Ten State University Systems Sign Contracts with Coursera for MOOC Development Services!

Dear Commons Community,

The Chronicle of Higher Education is reporting that Coursera, the Silicon Valley-based provider of massive open online courses, announced a series of deals with state universities to provide MOOC development services.

Under the new deals, Coursera is recasting itself as a platform for credit-bearing courses that would be offered to students enrolled at multiple campuses within a public-university system.

The deals mark a shift for Coursera, which until now has focused on making free, online versions of courses taught by professors at elite colleges.

The company’s new partners are the State University of New York system, the Tennessee Board of Regents and the University of Tennessee systems, the University of Colorado system, the University of Houston system, the University of Kentucky, the University of Nebraska system, the University of New Mexico system, the University System of Georgia, and West Virginia University.

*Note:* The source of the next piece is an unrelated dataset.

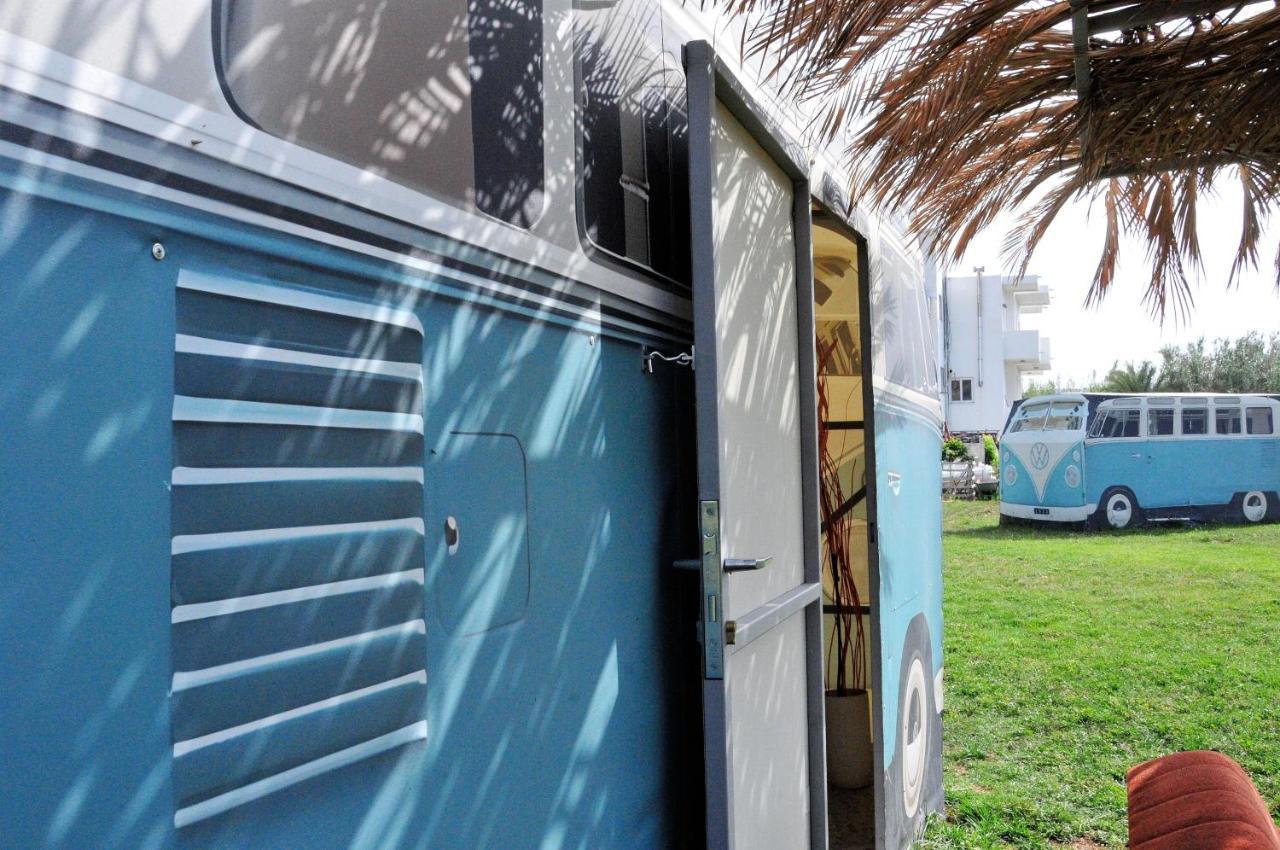 Villa Cornelia Hippie Magic Bus à Kíssamos Extérieur photo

The Chronicle obtained a copy of Coursera’s contract with the University of Kentucky, and the document provides details on how the partnerships might work.

“The document differs substantially from the ones Coursera signed with its early university partners. Those contracts focused on the dynamics of producing and collecting revenue from MOOCs open to the public.

The Kentucky contract deals with additional kinds of collaboration. For example, the document outlines how the university would administer “guided” or “adopted” courses—courses that are developed, either by Kentucky or another Coursera partner, for use by students at the university. It also addresses how the university and the company would go about licensing Kentucky’s Coursera courses to other colleges, and how they would divide revenue generated by any of those courses.”

This has to be considered a major step forward in the MOOC movement.